## [Work task]
A faithful copy is needed of the lines below from the one with "Lofaris Personalized Marine" up to and including the one with "LAMBERS Herren-Strickjacke, groß, blaue"; set it down with no pictures and no other lines.

## [Records provided]
------------------------------------

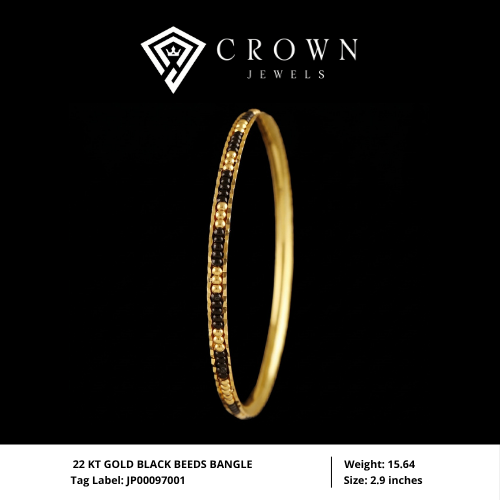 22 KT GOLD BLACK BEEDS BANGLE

------------------------------------

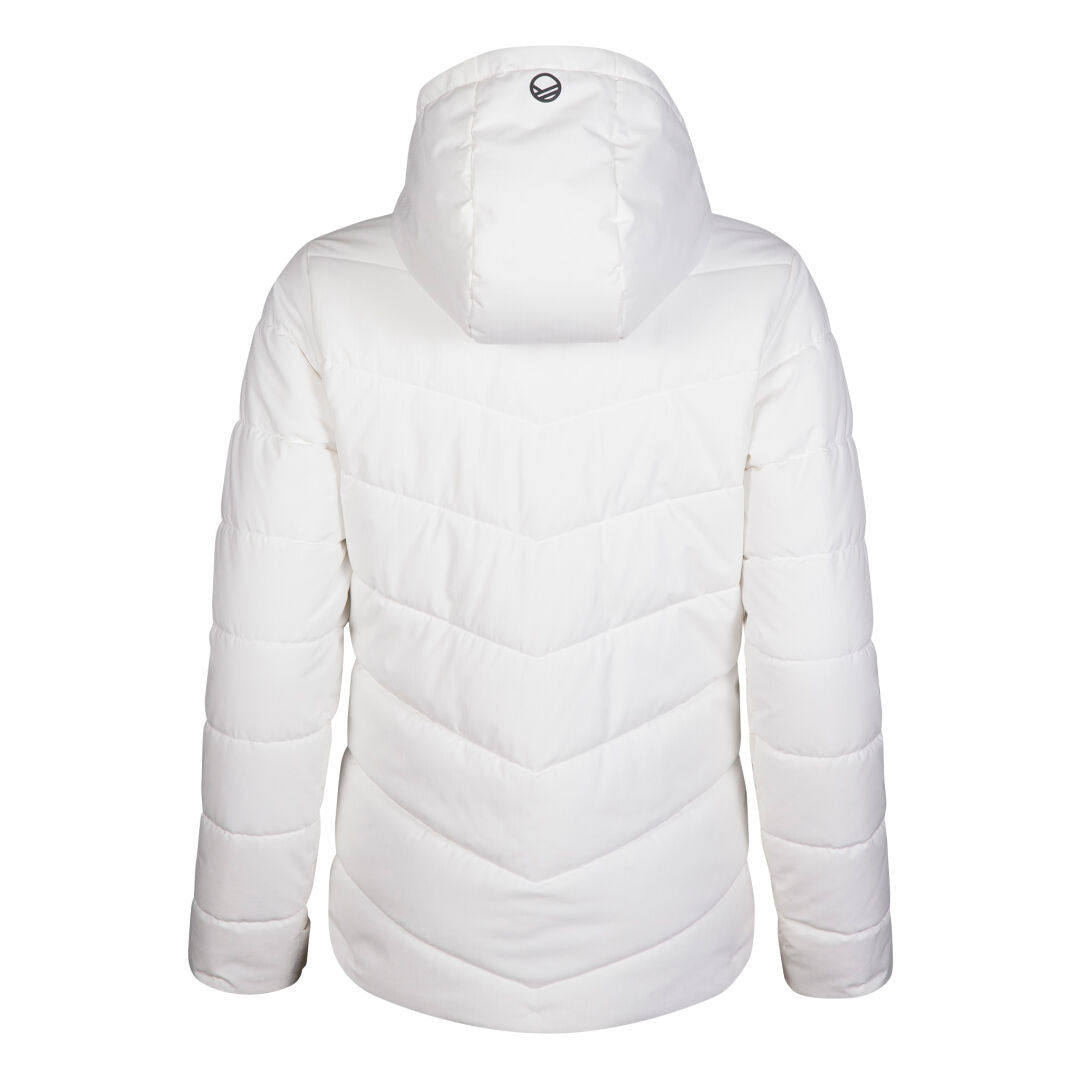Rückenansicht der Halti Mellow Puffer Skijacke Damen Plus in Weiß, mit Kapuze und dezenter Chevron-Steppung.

------------------------------------

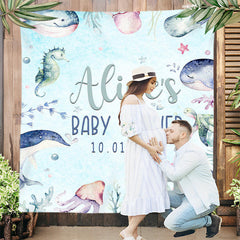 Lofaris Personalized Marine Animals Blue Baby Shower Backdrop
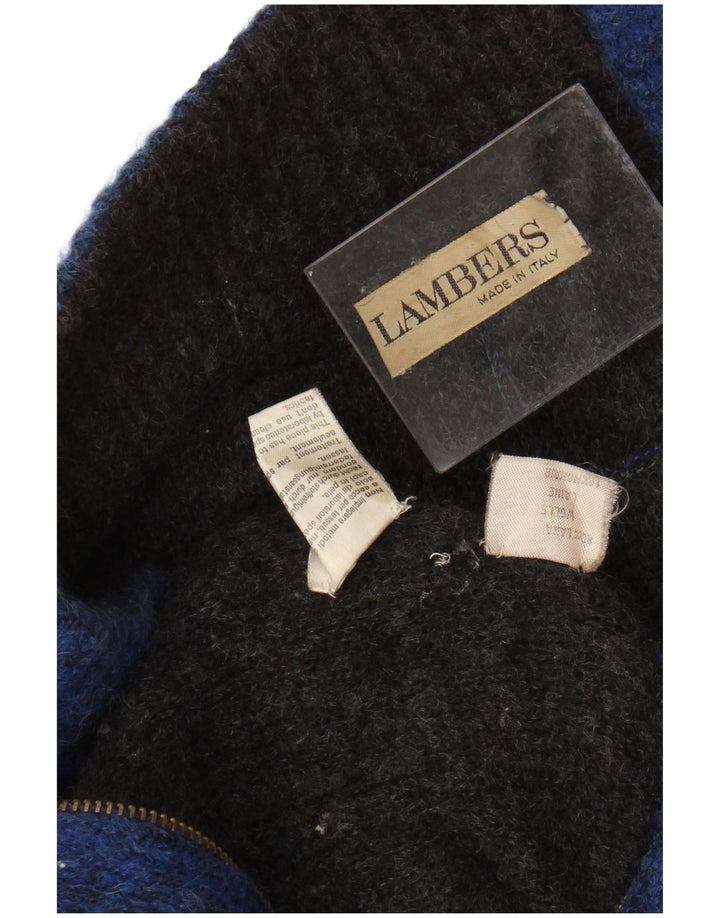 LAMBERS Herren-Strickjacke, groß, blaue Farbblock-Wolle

------------------------------------

## [Answer space]
 Lofaris Personalized Marine Animals Blue Baby Shower Backdrop
 LAMBERS Herren-Strickjacke, groß, blaue Farbblock-Wolle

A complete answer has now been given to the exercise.